= Charles Kochersperger =

Lieutenant Colonel Charles Kochersperger (1826–1867) was a Union Army officer with the 71st Pennsylvania Infantry Volunteers Regiment. He was the unit's second-in-command at the 1863 Battle of Gettysburg and its commander at the 1864 Battle of the Wilderness.

Kochersperger was born in Philadelphia, Pennsylvania, on February 8, 1826, the eldest son of Charles Kochersperger by his wife Jane, McDonnell. He was married there on July 4, 1849, to Sarah Ann Bozorth of the same place.

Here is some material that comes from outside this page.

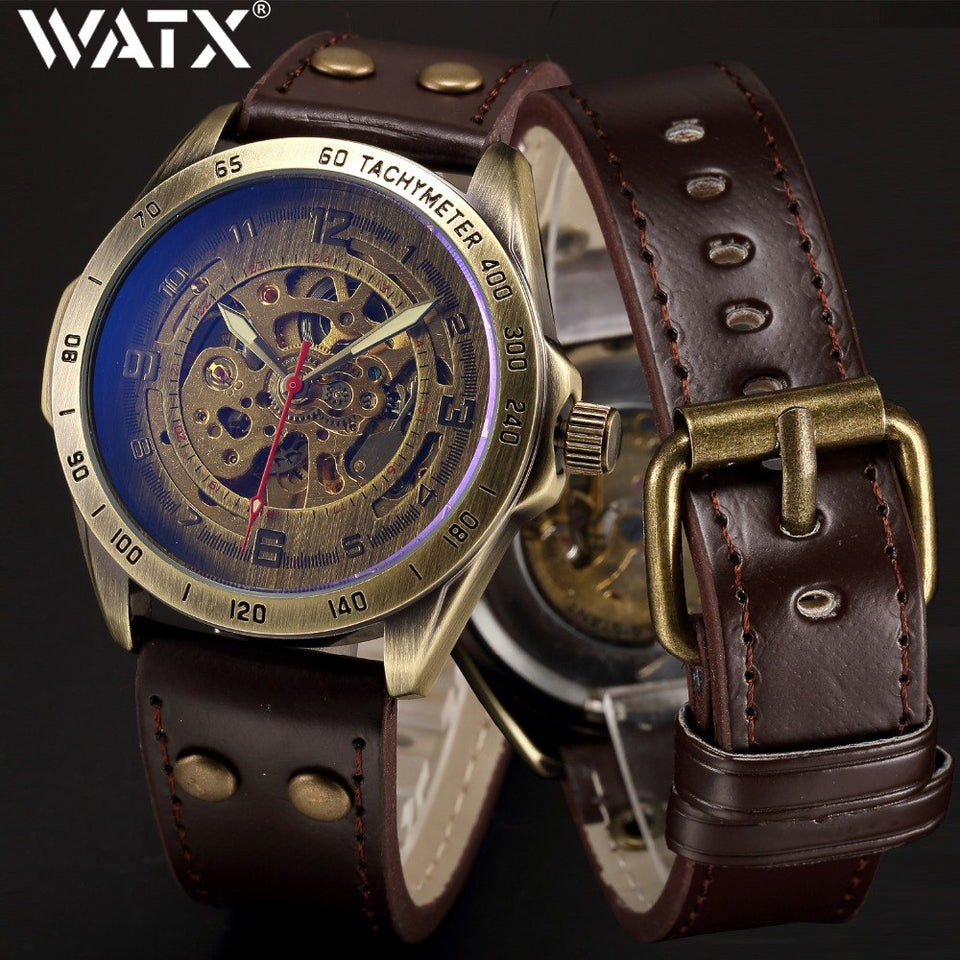 Mechanical Mens Wrist Watches Automatic Skeleton Number 35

In 1855, he purchased a private mail delivery company, Blood's Penny Post, which issued its own postage stamps and competed directly with the United States Postal Service. It would eventually be shut down by a Supreme Court of the United States decision.

In 1861, he enlisted with the 71st Pennsylvania Volunteers Regiment. He rose to second-in-command by Gettysburg and full command for the Wilderness, where he was severely wounded. Kochersperger died from the long-term effects of his war wounds in Philadelphia on December 27, 1867, and was buried on Dec. 29 at the city's Odd Fellows Cemetery, now defunct.

His widow survived him by 45 years, dying in Darby, Pennsylvania, on April 14, 1912.